George (Buck) Weaver (John Cusack) is the tainted idealist, who was in on the arrangements but took no money and could never bring himself to play any way but his best. If “Shoeless” Joe (D. B. Sweeney) emerges from behind his tobacco chaw as guileless and uncomplicated, he’s not without a deep melancholy, a twinge that hits all of them, even ebullient center fielder Hap Felsch (Charlie Sheen).

And from John Mahoney, there is a wonderful portrait of manager Kid Gleason, unwilling to believe the worst of his boys.

The gamblers range from the heavy-lidded, dangerous Arnold Rothstein (Michael Lerner) in his silk brocade dressing gown to “Sleepy Bill” Burns (Christopher Lloyd), who himself gets shut out.
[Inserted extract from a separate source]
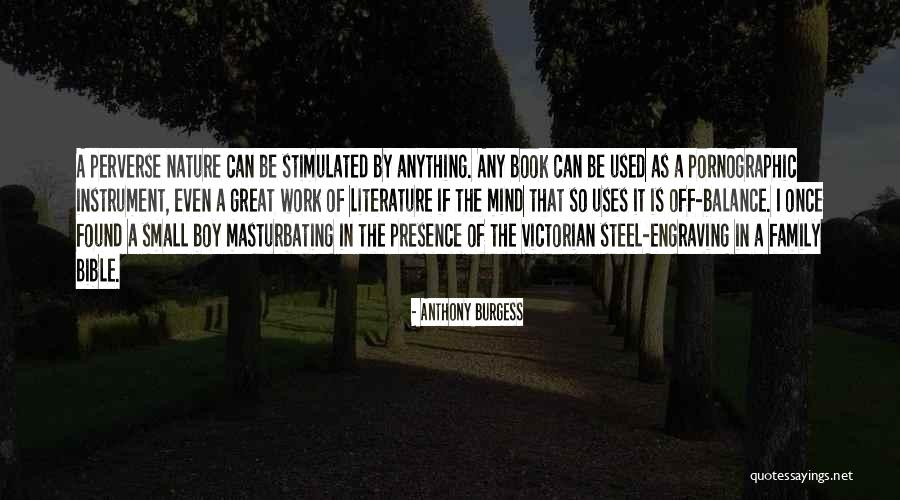 The Nature Of Family Quotes By Anthony Burgess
In the shut-out department, you might also add most of the players’ wives, with the exception of Maggie Renzi as Mrs. Cicotte and Barbara Garrick in a tender moment as Weaver’s wife, Helen.

Finally, there are the savvy, saddened newspapermen, Hugh Fullerton (Studs Terkel) and Ring Lardner (Sayles himself, an eerie physical match for the columnist). Stung by being lied to by players he trusted, Lardner serenades them with “I’m forever blowing ballgames.”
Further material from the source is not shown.